Nowadays, ethnocommunication shows itself even more challenging in the face of data colonialism, imposed, according to Sergio Amadeu (2021), by large platforms named Gafam Group (Google, Amazon, Facebook, Apple), which presents itself as the new frontier of neoliberal expansion and capitalism but that needs to be faced, leading us to a confrontation movement through the questioning on how to appropriate and engage in the struggles of this contemporary process. At the same time, Echeverry (2015), cited by Nascimento (2020), believes that greater dissemination of information through digital media channels has allowed a larger number of people to have access to traditional therapies, forms of pest control, and ancestral medical care, which have enabled other connections and networks.

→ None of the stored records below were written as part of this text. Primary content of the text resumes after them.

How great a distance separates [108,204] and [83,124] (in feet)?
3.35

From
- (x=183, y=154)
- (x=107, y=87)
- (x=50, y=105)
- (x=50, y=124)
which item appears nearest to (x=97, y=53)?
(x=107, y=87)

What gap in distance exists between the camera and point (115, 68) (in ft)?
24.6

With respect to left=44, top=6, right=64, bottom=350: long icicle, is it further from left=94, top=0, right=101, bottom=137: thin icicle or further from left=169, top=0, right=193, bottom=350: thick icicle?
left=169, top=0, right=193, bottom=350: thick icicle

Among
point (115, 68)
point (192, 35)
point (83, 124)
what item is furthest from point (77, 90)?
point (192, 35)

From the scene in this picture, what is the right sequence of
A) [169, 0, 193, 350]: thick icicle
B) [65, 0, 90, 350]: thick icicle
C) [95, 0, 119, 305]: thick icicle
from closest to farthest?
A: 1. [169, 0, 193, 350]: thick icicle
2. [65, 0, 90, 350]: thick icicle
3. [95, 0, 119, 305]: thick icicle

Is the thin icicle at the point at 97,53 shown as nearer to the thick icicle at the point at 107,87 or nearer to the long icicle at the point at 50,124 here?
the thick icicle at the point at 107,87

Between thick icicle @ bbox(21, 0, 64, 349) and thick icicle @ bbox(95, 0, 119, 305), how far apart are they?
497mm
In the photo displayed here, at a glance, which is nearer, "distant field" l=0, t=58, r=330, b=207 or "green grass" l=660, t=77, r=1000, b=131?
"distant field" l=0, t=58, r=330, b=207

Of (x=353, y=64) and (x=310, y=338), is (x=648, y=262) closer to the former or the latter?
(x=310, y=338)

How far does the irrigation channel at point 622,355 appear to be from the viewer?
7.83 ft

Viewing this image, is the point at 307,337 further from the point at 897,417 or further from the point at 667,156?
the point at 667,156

Cyberculture and the emergence of practices through networks: rethinking current communication

The advancement of Digital Information and Communication Technologies (DICTs) in the 21st century has promoted and promotes daily a revolution in labor relations, life in society, and education. However, there are several contradictions in these transformations. On the one hand, they have provided numerous advances in the economy, such as the increase in productivity, and higher speed in transportation and information. On the other hand, they have caused a depletion of work relations, consequently making them more precarious. In the area of health, DICTs have paved the way for the creation of specialties, such as telemedicine, which contributed to the provision of remote reports; and in education, they have enabled new pedagogical practices that contributed to boosting teaching-learning.

DICTs enable the processing and storage of information, as well as the mass circulation of knowledge more quickly, with emphasis on “[...] the rapid technological advances carried out in telecommunications, such as bits and digital cables arising from the needs of higher transmission rates that allowed various services, such as multimedia, internet, teleconferencing, and others” (ALVES, 2019, p. 19 [our translation]).

The transformations in society provided by digital technologies have gained prominence, impacting people’s socialization and communication practices, allowing for new languages to be constantly created and produced, launching new ways of producing, receiving, and transmitting information from a culture shared through networks, computers, and other technological devices, diversifying the universe of cyberculture, as already pointed out by different authors. However, to understand this process, we cannot look at the phenomenon from an instrumental perspective on the use of DICTs, or without considering contemporary political uses mediated by digital network technologies (CASTELLS, 1999) and cyberspace (LEVY, 1999) - defined as cyberculture. For Santos, Alves, and Oliveira (2018, p. 78), it is this accessible and communicative culture that transforms us into subjects of our own history, because we always seek to shape what we find in networks and communities, expressing and learning from different people in different places and cultures.

Thus, we understand that cyberculture emerges from the results that arise from the changes that occur in the processes of social relationships, due to the society’s desire for the use of technological tools, and, above all, due to processes of subjectivation that are increasingly mediated through such devices. This is so in a modern society that has been created from the subjective principles of an administration, concerned with maintaining social relationships, and that provides us with a certain network approach, whether through applications of conversations or videos. “Therefore, cyberculture is, so to speak, a recombinant territory, [...] which today, expanding alongside with wireless communication technologies, fosters new re-combinatory practices in contemporary cities” (LEMOS, 2002, p. 261 [our translation]).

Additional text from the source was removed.